Но не успели врачи что-либо предпринять, как на экране вновь появился слабый всплеск, затем он погас и вновь появился. Казалось, сердце или прибор издевались над врачами. В конце концов, Черемных не выдержал и дал приказ наблюдать за столь странным поведением работы миокарда. Все наблюдали, Громов отошел от стены и подошел ближе к прибору, ему показалось, что всплески на осциллографе ему что-то напоминают. Они были регулярными, но появлялись через разные промежутки времени, а спустя некоторые период повторялись вновь.
– Что это значит? – недоумевая, спросил один из врачей-реаниматоров.
– Это не похоже на работу сердца. Оно как будто …
– Хочет что-то сказать нам, – дополнил Громов.
Черемных бросил взгляд на Громова, потом посмотрел на пациента, тот лежал без движений, а сердце все рисовало странную кривую на приборе. Громов сосредоточился на экране, ему показалось, что он уловил странный ритм непонятных всплесков кривых на осциллографе. В палате наступила тишина, все смотрели на прибор.
– Линия, всплеск, всплеск, – произнес тихо Громов, – линия, всплеск.
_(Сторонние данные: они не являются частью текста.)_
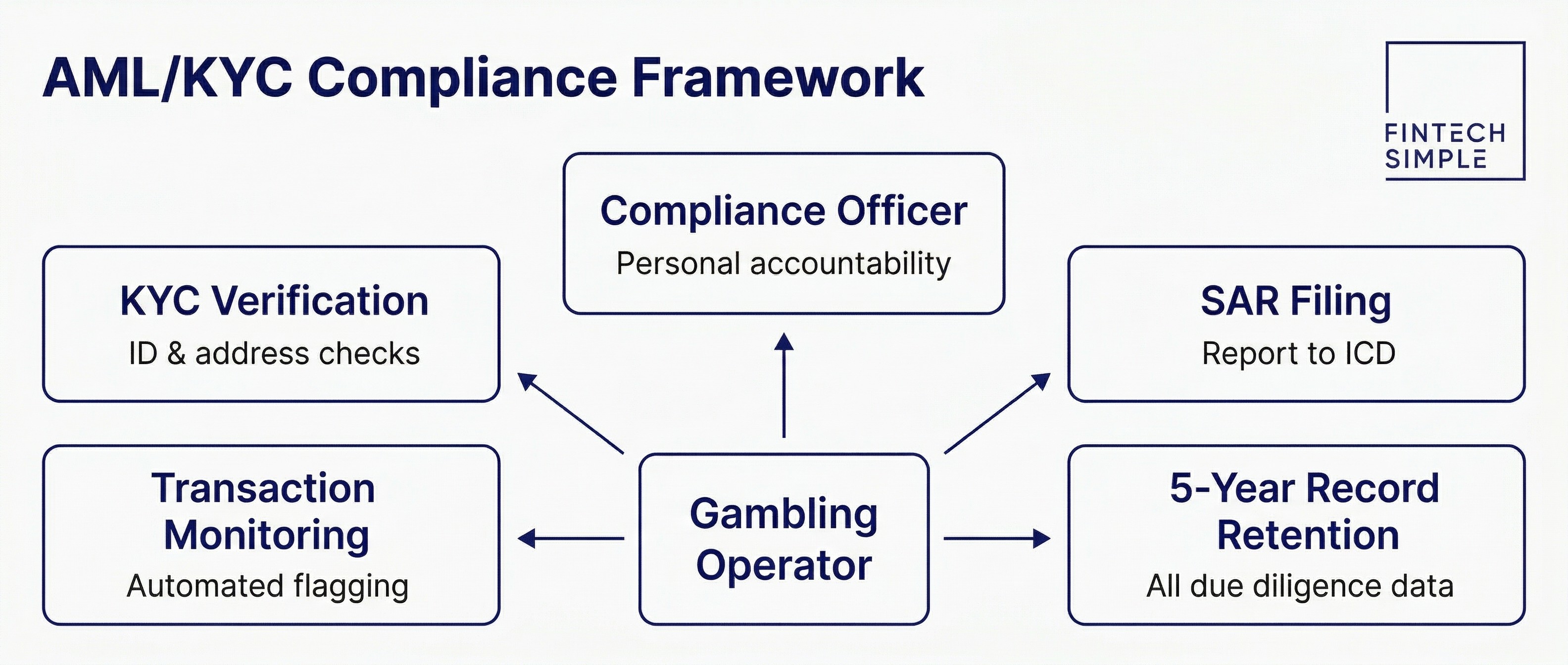 Flowchart infographic showing five key AML/KYC compliance obligations for Costa Rica gambling operators: KYC verification, transaction monitoring, SAR filing, record retention, and compliance officer.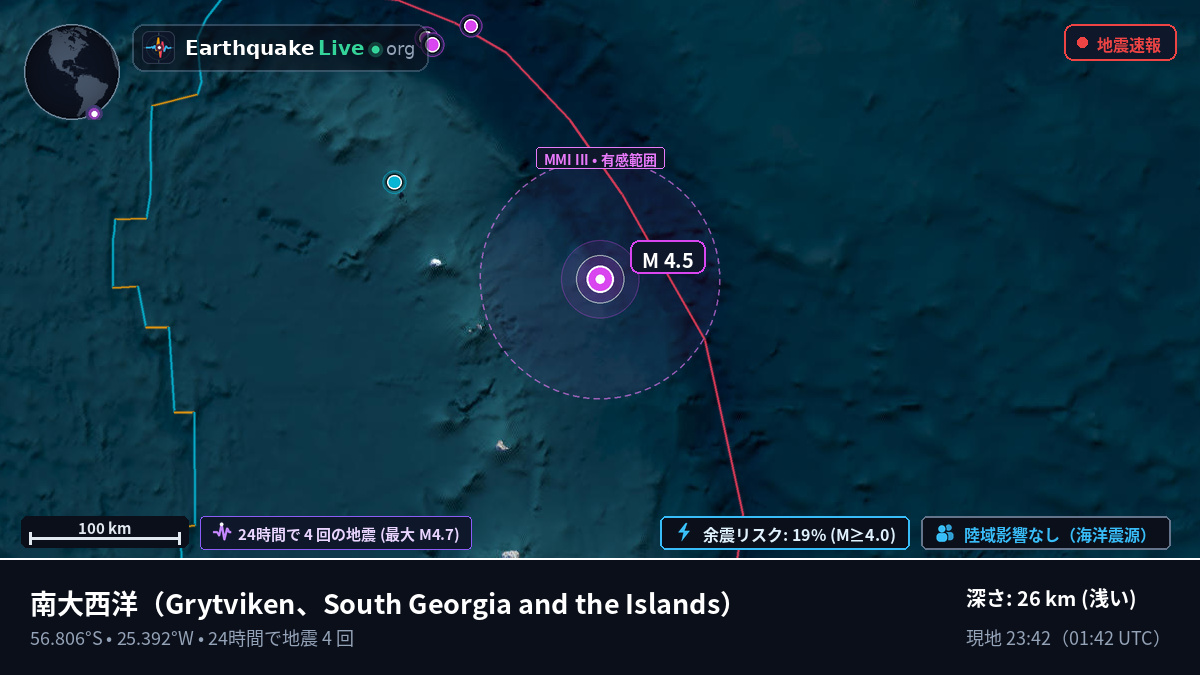 南大西洋 (South Georgia and the Islands)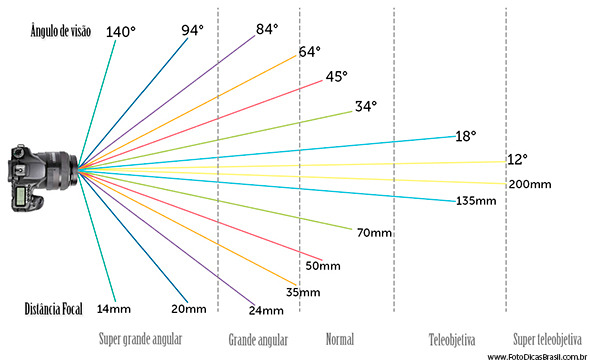 Diagrama comparando os comprimentos focais versus o ângulo de visão de cada um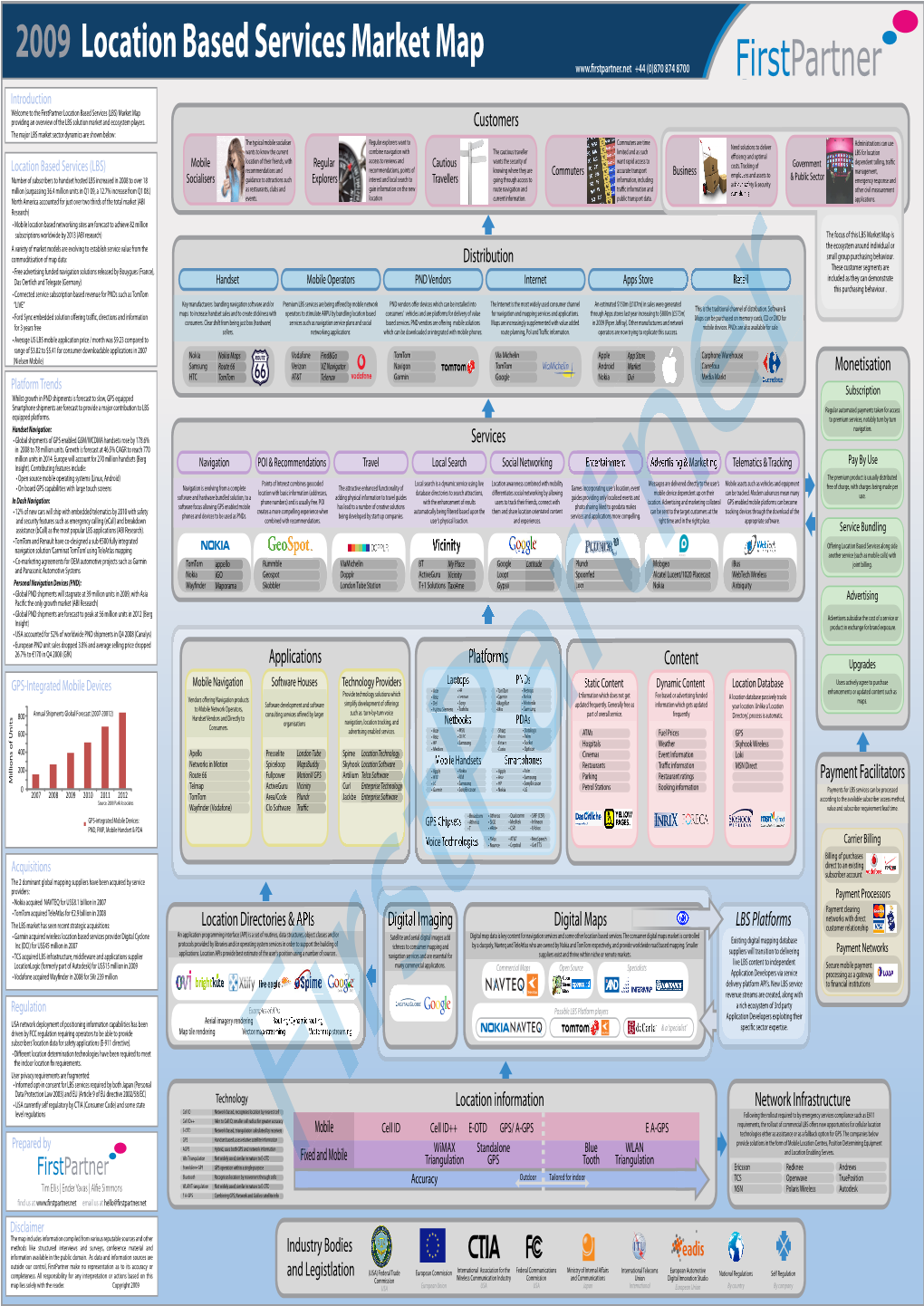 LBS Market Map MDA 060709.Ai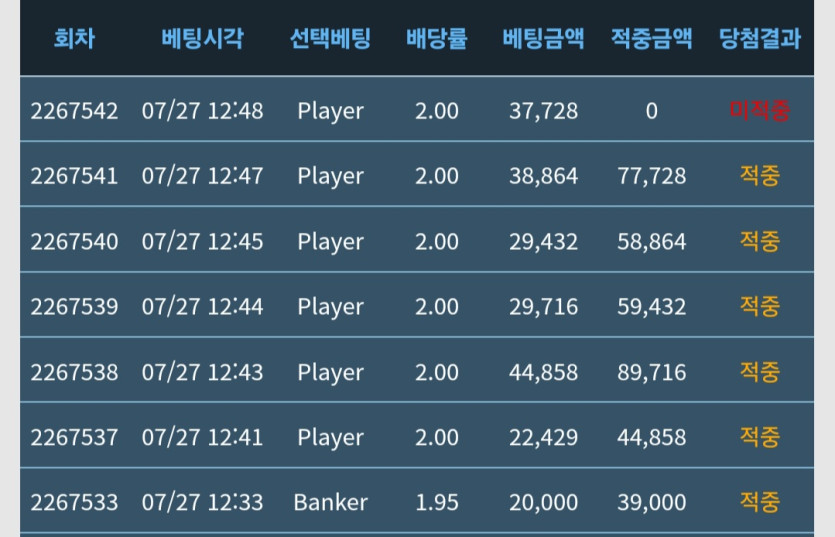 이맛에 독사련을 못끊나요(0)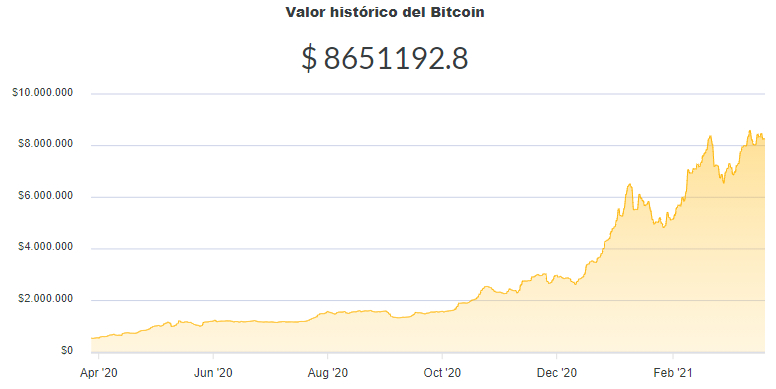 La variación del precio del Bitcoin en pesos en el último año. Fuente: Ripio.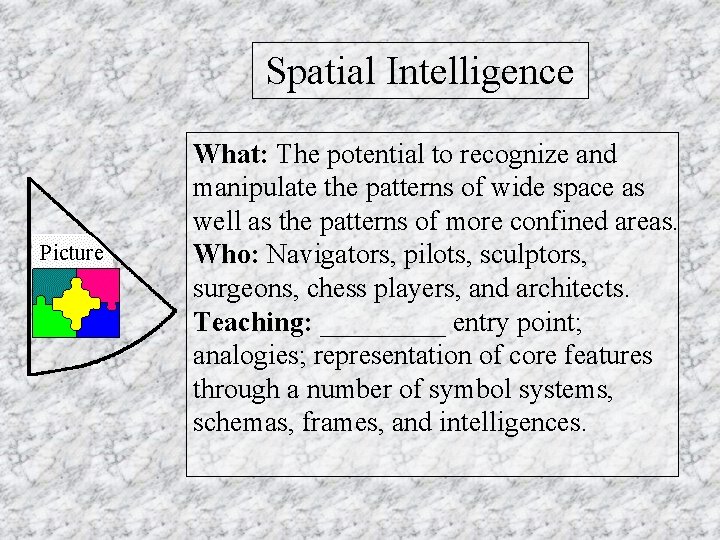 Spatial Intelligence What: The potential to recognize and manipulate the patterns of wide space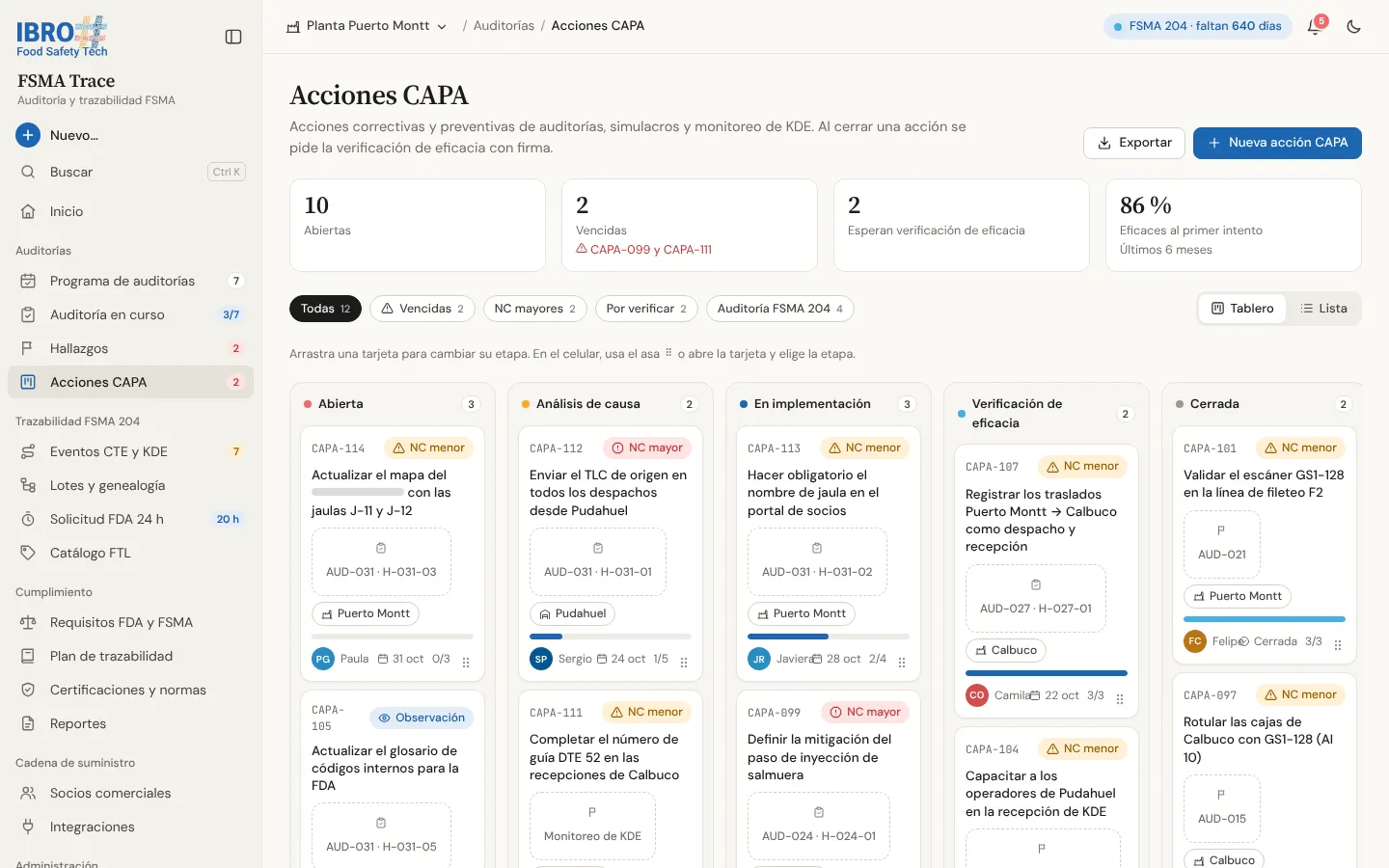Acciones CAPA en FSMA Trace en un tablero por etapa: abierta, análisis de causa, en implementación, verificación de eficacia y cerrada.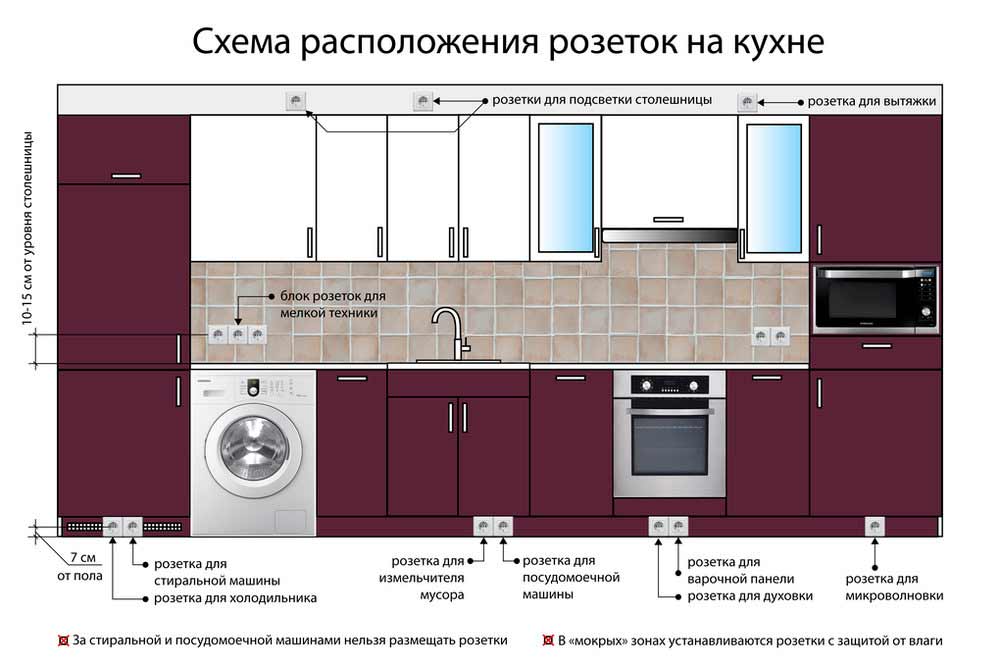 Правильное расположение розеток на кухне:их высота и подключение
правильное расположение розеток на кухне:их высота и подключение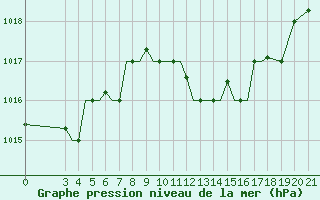 Courbe de la pression atmosphrique pour Samos Airport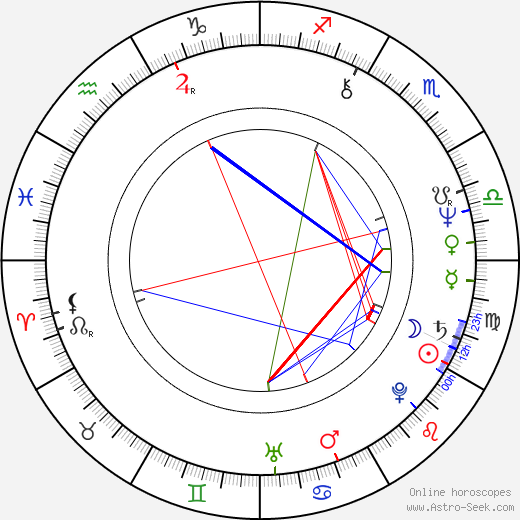 Ray Laska birth chart, Ray Laska astro natal horoscope, astrology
Все по-прежнему молчали, и с недоумением смотрели на прибор, слушая странные слова Громова.
– Да, все повторяется, – продолжил уверенным голосом Громов. Он был убежден в своем диком предположении. – Это невероятно, но … вот опять повторилось, хотя и слабее, чем предыдущий раз.
– Что повторилось? – спросил в растерянности Черемных.
– Смотрите сами, – Громов указал на осциллограф. – Тире, точка, точка, а вот теперь другая буква – тире, точка.
– Какая еще точка? – недоумевая, и с раздражением спросил Черемных.
– Это Азбука Морзе, – сказал Громов.
– Вы хотите сказать, что его сердце посылает сообщение? – спросил Черемных. Его слова больше выражал удивлением, чем вопрос.